Габрелюс вернулся, похоронив Аделе, и слег. «Слышу, зовет она меня», — сказал он, и понимай как хочешь, Матильда: смерть его зовет, стоя в головах, или жена из свежей могилы? Все хлопоты и труды легли теперь на плечи одной Матильды. В жару метались оба ребенка, бредили, плакали ночами. Она отпаивала их травяным настоем, чистым зеленоватым кипятком, потому что сахара не оставалось ни крупицы. Этот кипяток носила и Габрелюсу, который лежал навзничь, утихомирившись, потел и тяжело дышал, словно умаявшись от работ. «За детьми смотри», — напоминал.

Матильда не знала, здорова ли она сама или хворает, некогда было об этом думать, только видела временами, что все летит куда-то, а под ногами вдруг разверзается земля. Однажды подумала, что уже валится в эту черную пропасть, рухнула на холодный пол, ударилась головой, закрыла глаза, но жалобный писк маленького Людвикаса (папаша Габрелюс выдумал это имя, в какой-то книге вычитал, и не выговоришь) поднял ее на ноги — почудилось ей, что ребенок втянул последний глоток воздуха. Опять пошла, хватаясь руками за стены. Больше всего боялась, что умрет первой.
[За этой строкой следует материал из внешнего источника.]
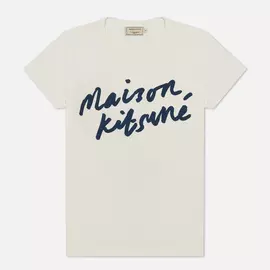 Женская футболка Maison Kitsune Handwriting, цвет белый, размер XS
Нет, нет, быть этого не может. Этого точно не будет, Каролюкас, Людвикас. Пока дышат эти малыши, живая память о Казимерасе, у нее нет права уставать, она обязана уберечь их, выходить, ведь не может явиться человек на свет божий да умереть, ничуточки не пожив, должно свершиться чудо.

Чудо свершилось, ей-богу. Дети проспали всю ночь, а утром Каролюкас, увидев мать, улыбнулся и попросил есть. У Матильды прояснилось в глазах, неведомо откуда силы нахлынули.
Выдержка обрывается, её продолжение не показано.